Mantenimento per mia figlia pagato a oltranza. Posso avere indietro i soldi?

di Avv. Flaminia Rinaldi

Avvocato, io e la mia ex moglie, nella sentenza di divorzio, abbiamo stabilito che avrei versato l’assegno di mantenimento per mia figlia Agnese quantomeno fino alla fine degli studi universitari. Lo scorso anno mia figlia si è laureata e da allora riceve, addirittura, uno stipendio fisso che a mio parere le consente di vivere autonomamente. Pertanto, benché la mia ex moglie non fosse d’accordo, ho smesso di corrispondere l’assegno e Lei, dopo 9 mesi, mi ha notificato un atto di precetto chiedendomi tutti gli arretrati e sono stato costretto a pagare. Posso chiedere indietro queste somme?

Gentile Signore,

le sentenze di divorzio e di separazione, costituiscono idoneo titolo esecutivo. Ciò significa che, in caso di mancato pagamento del quantum dovuto a titolo di mantenimento (sia esso dovuto al coniuge o ai figli), il “creditore” può agire immediatamente per il recupero forzoso di quanto gli spetta. Gli basterà, infatti, richiedere – alla cancelleria del Tribunale presso il quale il provvedimento è stato emesso – la copia della sentenza munita di formula esecutiva (indispensabile per dare esecutività alla provvedimento) per procedere poi alla notifica di questa unitamente all’atto di precetto (che è una vera e propria intimazione ad adempiere). Decorsi 10 giorni senza che il debitore abbia proceduto a saldare il quantum dovuto, sarà possibile iniziare il pignoramento.

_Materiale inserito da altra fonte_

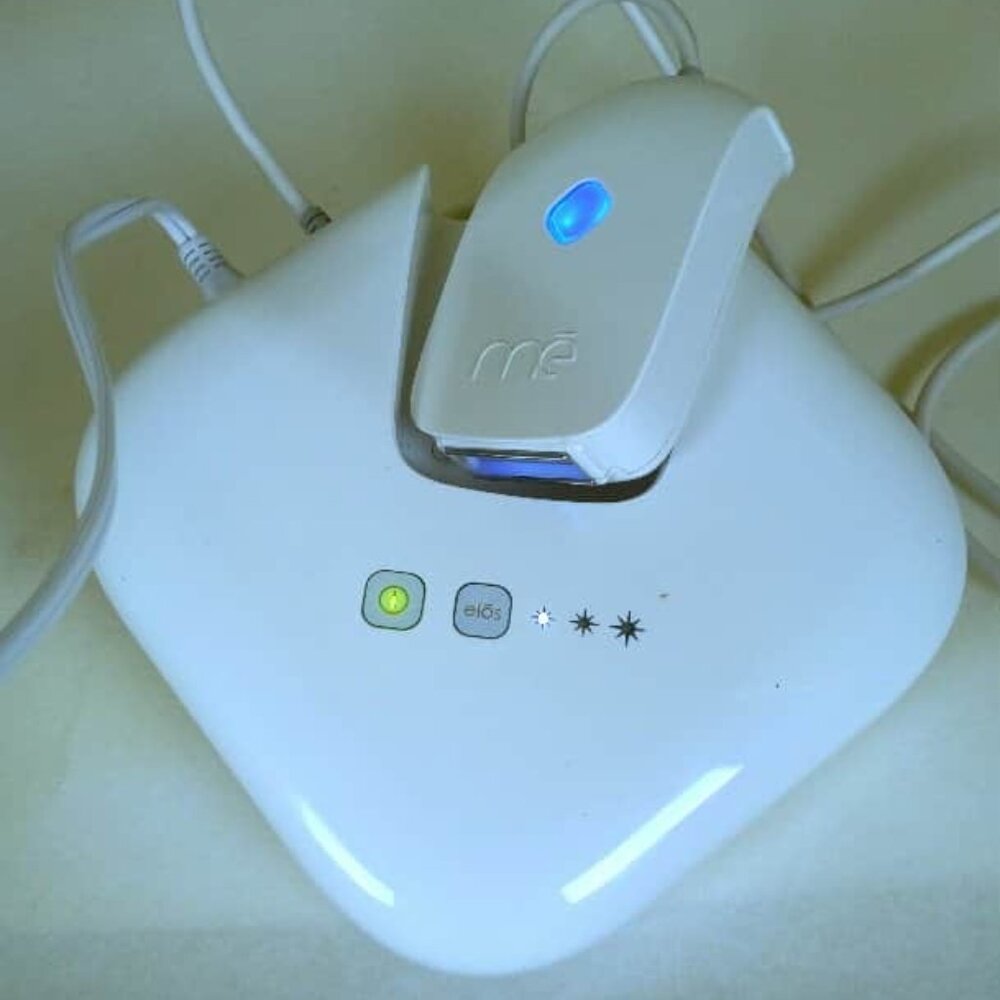 iLuminage Beauty Me Sleek IPL Hair Reduction System HU-FG01421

Consideri, gentile Signore, che il titolo esecutivo non si estingue né con il raggiungimento della maggiore età di un figlio, né con l’inizio di una attività lavorativa del figlio (se questa non è, per esempio, idonea a garantirgli l’ indipendenza economica).  

Se non c’è accordo tra le parti, l’unica soluzione per resistere ad azioni strumentali ed emulative delle ex, è chiedere al Tribunale – con un procedimento per la modifica delle condizioni di separazione o di divorzio – di accertare l’autosufficienza economica del figlio e, quindi, di eliminare (o ridurre) l’assegno allora stabilito. In questo modo il nuovo provvedimento si sostituirà al precedente, così da liberare definitivamente il genitore da un mantenimento non più dovuto.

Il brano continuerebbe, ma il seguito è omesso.